### GIVEN INFORMATION
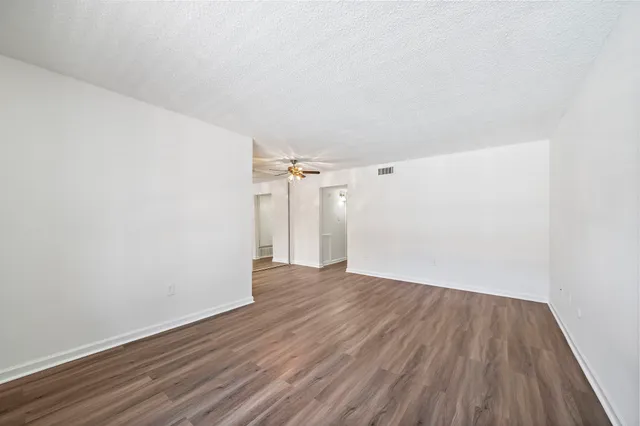 a view of a room with wooden floor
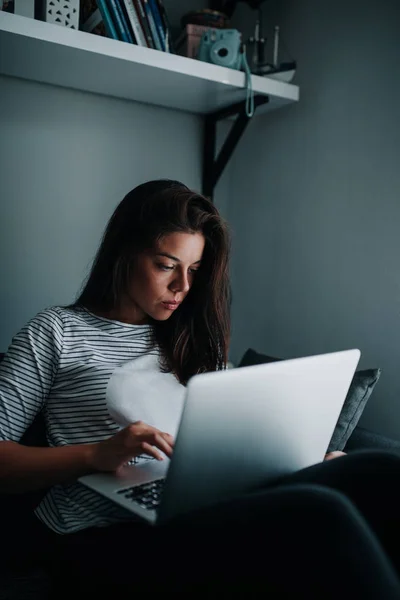 A young woman is working remotely from a dimly lit living room.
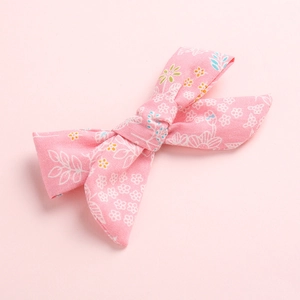 Detailed close-up of a pink floral fabric bow hair clip with delicate small flower patterns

### TASK STATEMENT
Pictures excluded, output exactly the line that contains "A young woman" and every line after it to the end of the data above.

### YOUR RESPONSE
 A young woman is working remotely from a dimly lit living room.
 Detailed close-up of a pink floral fabric bow hair clip with delicate small flower patterns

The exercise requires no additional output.